Figure 1. Skeleton of a simplified Sales & Marketing Strategy template

Before starting your strategy document, you’ll also need to choose a proven strategic framework to ensure you’re doing the right decisions. A strategic framework is a visual representation or logical flow of how strategic thinking should be implemented, including a guideline for adjustments in case things are not working appropriately. Below (Figure 1) you can find the four most popular strategic frameworks used in Sales & Marketing:

Figure 2. List of most popular strategic frameworks (Kellogg School of Management)

Based on my experience, I would recommend the G-STIC framework to small and medium-size companies, or those below 500 employees and less than $100 million in revenue 🏢 G-STIC provides a very solid approach to strategy while having a good level of flexibility and dynamism, so you can steer the ship in different directions almost on weekly basis 🚢

Figure 3. G-STIC framework by Alex Chernev (Strategic Marketing Management, 2nd Edition)

The greatest thing about G-STIC is that you can move linearly up and down the pyramid, if something goes wrong. For example, if your metrics look poor, you simply go one level up to Implementation and see if you did something wrong. If your Implementation looks good, then you can go up to the Tactics and see is there something wrong there.
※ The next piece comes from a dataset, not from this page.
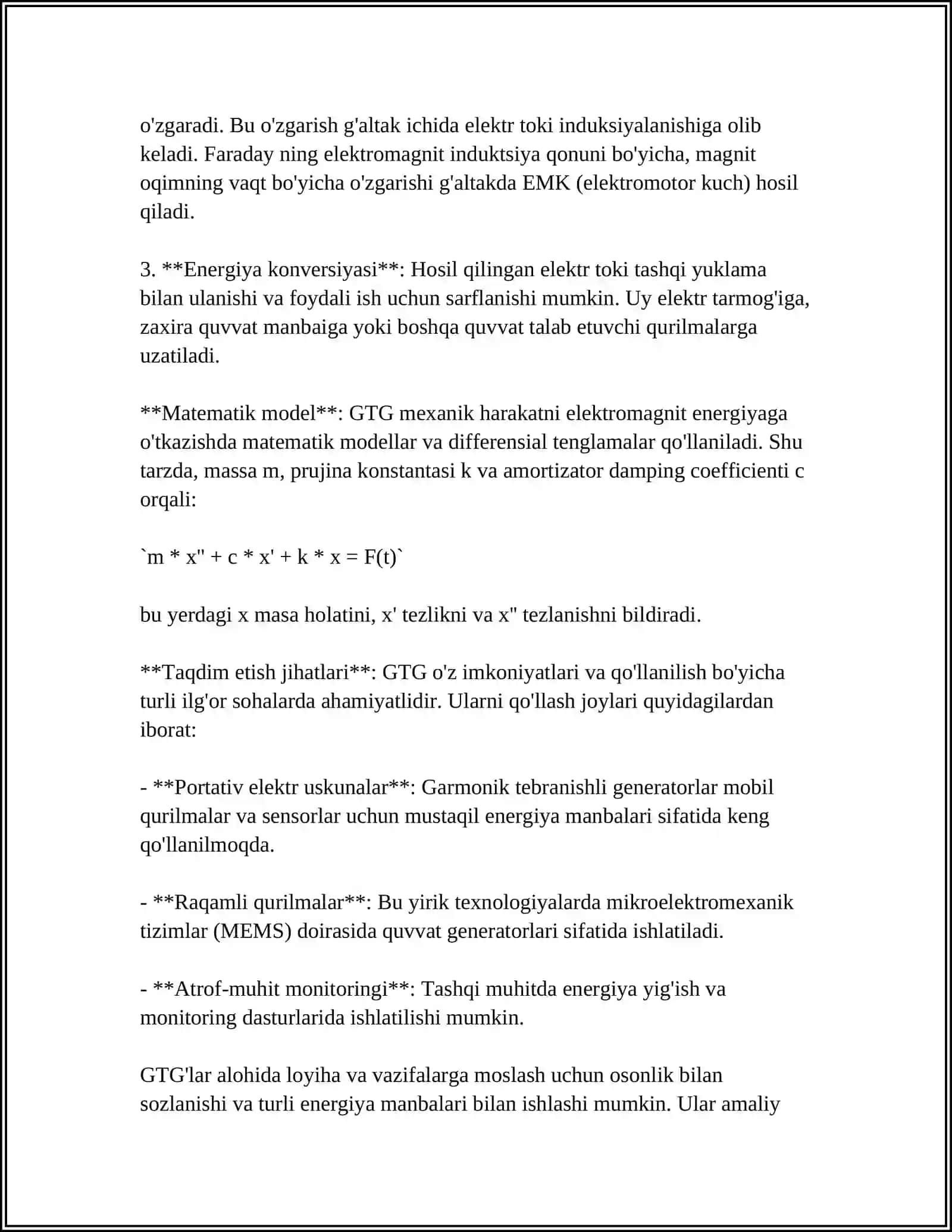 GARMONIK TEBRANISHLI GENERATORLAR. RADIO UZATUVCHI QURILMALAR 4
You can do the same process up to Strategy or, ultimately, you could even run into the original Goal (at the top of the pyramid) being too unrealistic. G-STIC is a top-down strategic approach that has consistently delivered great results in my entire career 🏆

Let’s jump onto the actual Sales & Marketing Strategy now 👇

 

1 Executive Summary

Here’s where your actual strategy document starts. The executive summary is the preamble for the marketing plan, which includes a description of the current market situation and the potential changes that will affect the business in the future.
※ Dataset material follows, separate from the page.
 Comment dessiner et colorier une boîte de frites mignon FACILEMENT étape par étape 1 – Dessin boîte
After all, a strategy is just a plan to tackle two fundamental things:

  • how to achieve an overarching goal
  • a high-level proposed course of action to handle market changes and reduce negative impact

Example:

 

 

2 Situation Analysis

This section is a deep-dive into the Executive Summary, and aims to provide an overall evaluation of the company and the context in which it is operating, as well as identifying the markets in which it will compete 🥊

The purpose of the Situation Analysis section is to study whether the actual context and the frame of operations of the company allow for this plan to happen or not. Or, in plain words, what is the actual situation and all internal and external forces that can affect the company during the execution of this plan.

The Situation Analysis should include:

  • the company overview: strategic goals, current processes, assets and offerings
  • the market overview: characteristics of the market the company is targeting with this plan, including its size, needs (product-market fit) and competition landscape

💡Tip → it’s usually a good idea to use the SWOT Analysis tool or similar to map out the situation analysis for the company overview against the market characteristics.

Example of a Situation Analysis table of contents:

Once the executive summary and the situation analysis are documented, it’s time to jump to the real action: the G-STIC plan 🚀

 

3 Goals

The goals section is the most important one. It will be the foundation for the strategy and the details of the entire action plan. Here’s a representation of how to structure goal setting:

Figure 4. Goal-setting template including overarching focus goals, and concrete performance objectives

Figure 4 shows a simple way of structuring goals and objectives 👆, from the overarching ones (Focus) to the very details (Objectives), in just one page.

For the sake of clarity, it’s a common practice to split the Goals section into two parts: Focus and Objectives. Focus includes generic goals, both monetary and non-monetary (strategic) which are not necessarily measurable, but rather aspiring and inspiring 🦄 On the other hand, Objectives are specific benchmarks (target numbers), attached to a date when that target needs to be accomplished 📆

Monetary goals usually speak the revenue language (e.g., grow revenue by %, or reduce costs by %), whereas non-monetary (strategic) goals typically focus on brand positioning, competition, partners and/or internal operations.

Here’s an example 📊

  1. Monetary goals
  • Increase annual net revenue by 30%
  • Technical support costs down by 20%

2. Strategic (non-monetary) goals

  • Steal 15% of the customer base from direct competitors
  • Increase Enterprise sales

3. Objectives 👉 these should comprehend all “Focus” goals, monetary and non-monetary in a very specific and measurable way (target and date):

  • Sell 2 million units in APAC by Q4 2022
  • 10,000 less support calls globally by Q4 2022
  • 1,700 new customers subscribed in competitor-attack campaigns by Q4 2022
  • 200 new paying Enterprise accounts by Q4 2022

Goal setting and tracking is fundamental for a healthy growth organization 🚀 Setting clear objectives helps the company keep steering in the right direction, gives a frame of reference for managers to lead their teams aligned with business objectives, and makes everyone in the organization understand the direction in the course of action, as well as their mission, throughout the entire time.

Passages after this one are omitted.